Material provided:
((

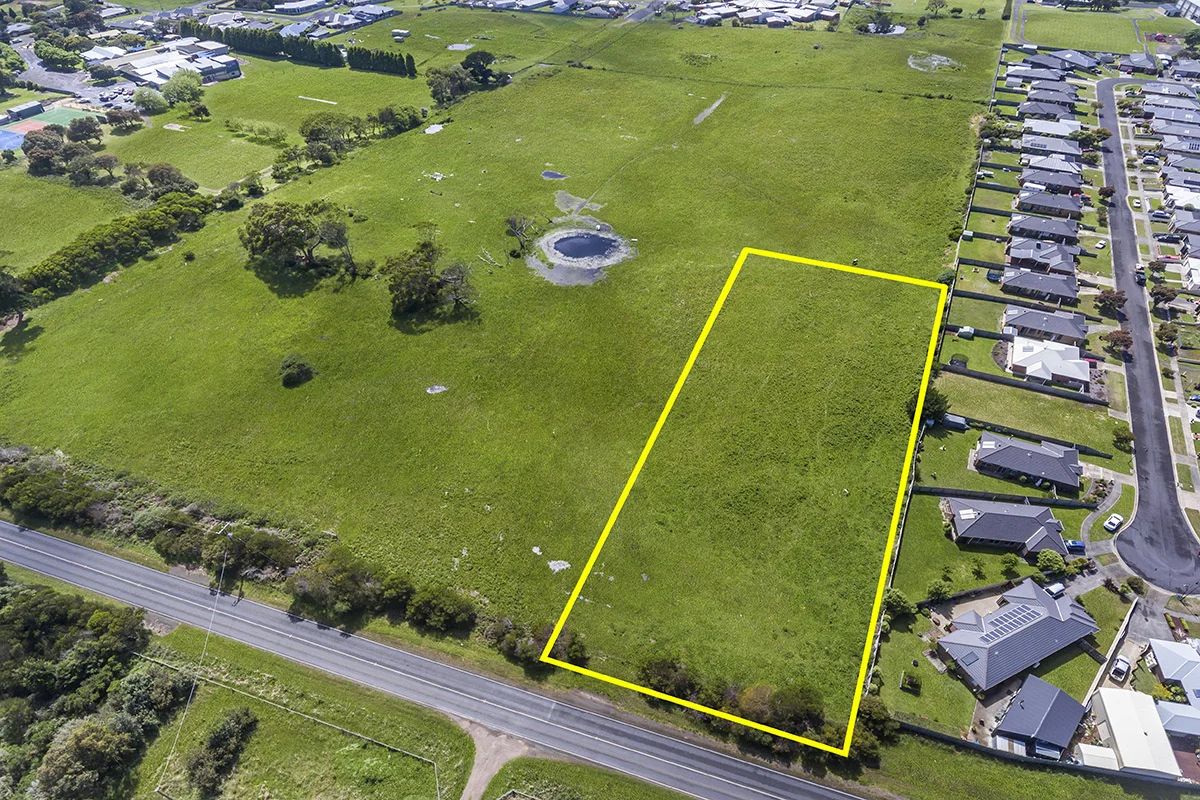 Additional image 4 of 1 Madeira Packet Road, Portland VIC 3305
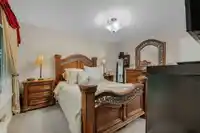 44 6110 138TH STREET - thumbnail 19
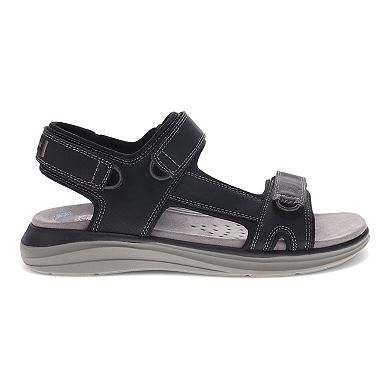 Dockers® Bradburn Men's Sport Sandals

))

From the line with "44 6110 138TH STREET - thumbnail 19" to the last line of the material, both inclusive, set down every line exactly and nothing else; omit pictures.

 44 6110 138TH STREET - thumbnail 19
 Dockers® Bradburn Men's Sport Sandals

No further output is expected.